──────── RECORDS FOR PROCESSING ────────
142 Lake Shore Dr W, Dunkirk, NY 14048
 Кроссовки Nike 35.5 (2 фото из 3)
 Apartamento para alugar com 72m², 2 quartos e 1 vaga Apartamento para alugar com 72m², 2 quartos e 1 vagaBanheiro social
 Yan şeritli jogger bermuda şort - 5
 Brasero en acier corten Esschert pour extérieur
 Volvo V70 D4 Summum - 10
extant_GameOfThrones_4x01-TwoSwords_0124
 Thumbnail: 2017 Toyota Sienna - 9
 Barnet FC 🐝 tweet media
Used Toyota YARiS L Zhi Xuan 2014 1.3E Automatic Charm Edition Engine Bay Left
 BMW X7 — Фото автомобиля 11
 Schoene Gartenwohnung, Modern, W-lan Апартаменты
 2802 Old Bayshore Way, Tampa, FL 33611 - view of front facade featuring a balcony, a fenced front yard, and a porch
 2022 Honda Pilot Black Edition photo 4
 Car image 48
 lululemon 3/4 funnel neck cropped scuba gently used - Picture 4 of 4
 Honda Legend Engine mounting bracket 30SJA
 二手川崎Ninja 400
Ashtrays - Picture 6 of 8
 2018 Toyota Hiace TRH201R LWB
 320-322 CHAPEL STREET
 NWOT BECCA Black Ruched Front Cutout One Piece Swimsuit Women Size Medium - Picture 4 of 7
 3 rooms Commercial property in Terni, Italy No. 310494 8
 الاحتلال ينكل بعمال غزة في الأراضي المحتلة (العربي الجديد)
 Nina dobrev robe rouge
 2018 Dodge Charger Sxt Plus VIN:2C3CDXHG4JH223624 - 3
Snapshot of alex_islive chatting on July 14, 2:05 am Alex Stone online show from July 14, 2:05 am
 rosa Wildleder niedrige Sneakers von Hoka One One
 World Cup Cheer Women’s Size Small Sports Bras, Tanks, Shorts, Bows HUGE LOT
────────
• **WORK TO BE COMPLETED**: Return every line above that contains the word "Black".

• **TASK RESPONSE**:
 2022 Honda Pilot Black Edition photo 4
 NWOT BECCA Black Ruched Front Cutout One Piece Swimsuit Women Size Medium - Picture 4 of 7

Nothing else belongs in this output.